10.03 Valuation of Performance Units. The dollar value of each
Performance Unit that becomes vested and payable to a Participant
pursuant to Section 10.02(c) shall be determined on the basis of
a graduated valuation scale set forth in the Award Agreement in
accordance with the corresponding Performance Goals.
10.04 Payment of Performance Unit Awards. The value of Performance
Units that have vested shall be paid to the Participant within
sixty (60) calendar days after the Committee determines whether
the applicable Performance Goal has been attained. Such payment
may, at the discretion of the Committee, be made in cash, shares
of Stock or a combination thereof. Any payment to be made to a
Participant shall be subject to the applicable withholding
requirements described in Section 15.06.
20
<PAGE>
ARTICLE XI - CHANGE OF CONTROL
11.01 Definitions.

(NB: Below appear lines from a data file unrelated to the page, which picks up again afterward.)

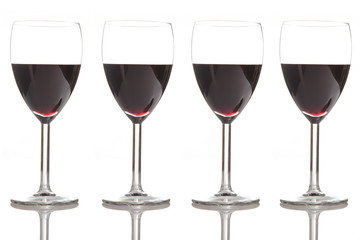 Rotweingläser Anordnung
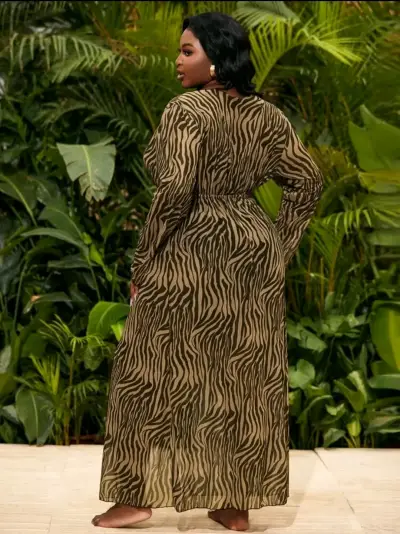 Kimono de playa estampado animal print - miniatura 3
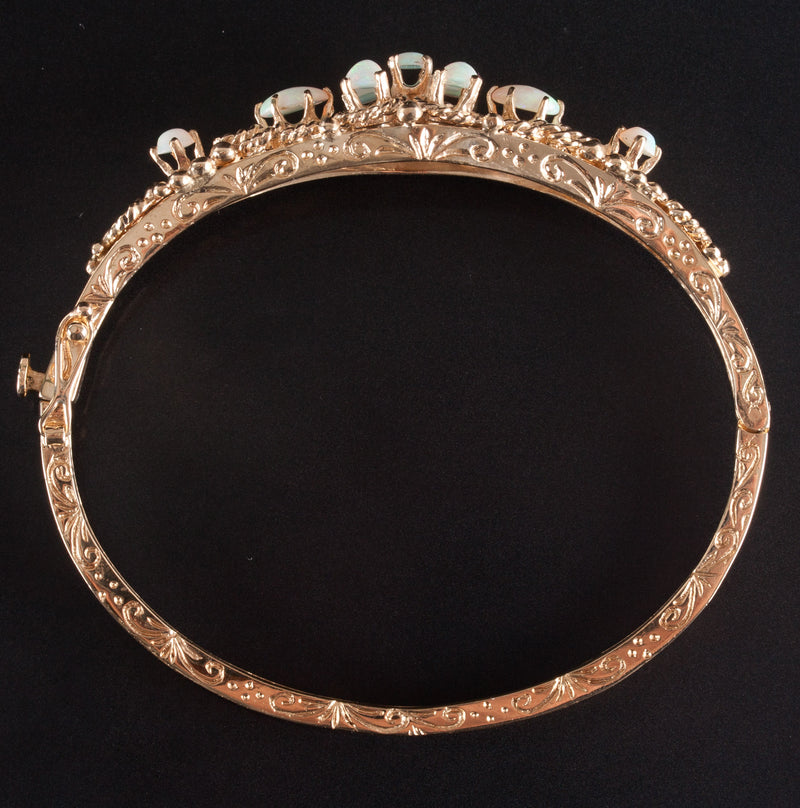12k Yellow Gold Oval Cabochon AA Opal Hinged Bangle Bracelet 1.37ctw 18.9g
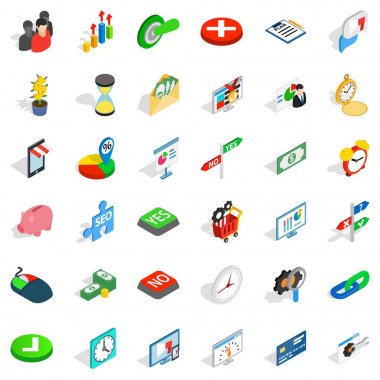 İşçi Icons set, izometrik stili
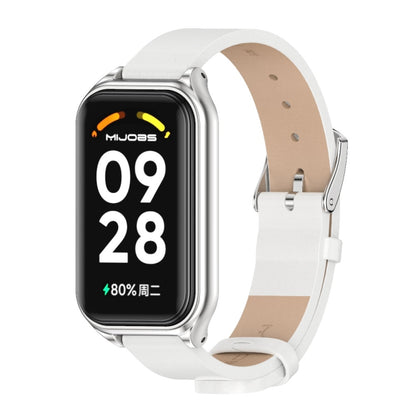 Bracelet de montre en cuir PU microfibre Mijobs Metal Shell, For Xiaomi Smart Band 8 Active / Redmi Band 2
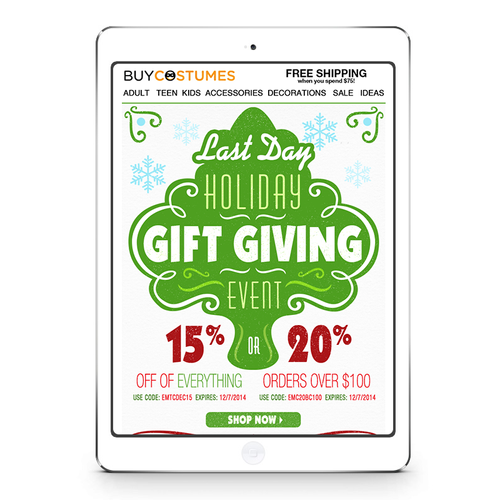 BuyCostumes Holiday Emails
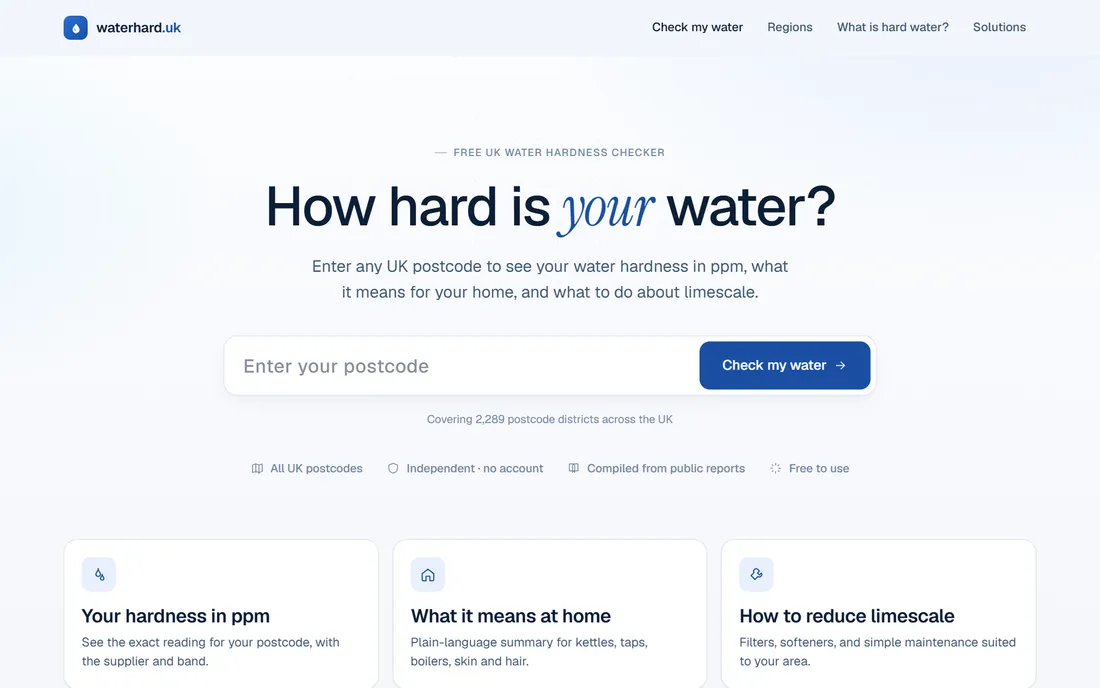 Waterhard UK water-hardness checker website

For purposes of this Article XI, the following
definitions shall apply:
(a) "Change of Control" shall mean any of the
following events:
(1) A merger or consolidation to which
the Corporation is a party if the individuals and
entities who were shareholders of the Corporation
immediately prior to the effective date of such
merger or consolidation have, immediately
following the effective date of such merger or
consolidation, beneficial ownership (as defined in
Rule 13d-3 under the Securities Exchange Act of
1934) of less than fifty percent (50%) of the
total combined voting power of all classes of
securities issued by the surviving corporation for
the election of directors of the surviving
corporation;
(2) The direct or indirect beneficial
ownership (as defined in Rule 13d-3 under the
Securities Exchange Act of 1934) of securities of
the Corporation representing, in the aggregate,
twenty percent (20%) or more of the total combined
voting power of all classes of the Corporation's
then issued and outstanding securities by any
person or entity or by a group of associated
persons or entities acting in concert;
(3) The sale of the properties and
assets of the Corporation substantially as an
entirety, to any person or entity which is not a
wholly-owned subsidiary of the Corporation;
(4) The shareholders of the Corporation
approve any plan or proposal for the liquidation
of the Corporation; or
(5) A change in the composition of the
Board at any time during any consecutive twenty-
four (24) month period such that the "Continuity
Directors" cease for any reason to constitute at
least a seventy percent (70%) majority of the
Board. For purposes of this event, "Continuity
Directors" means those members of the Board who
either:
21
<PAGE>
(i) were directors at the
beginning of such consecutive twenty-four
(24) month period; or
(ii) were elected by, or on
the nomination or recommendation of, at
least a two-thirds (2/3) majority of the
then-existing Board of Directors.
(b) "Change of Control Action" shall mean any
payment (including any benefit or transfer of property)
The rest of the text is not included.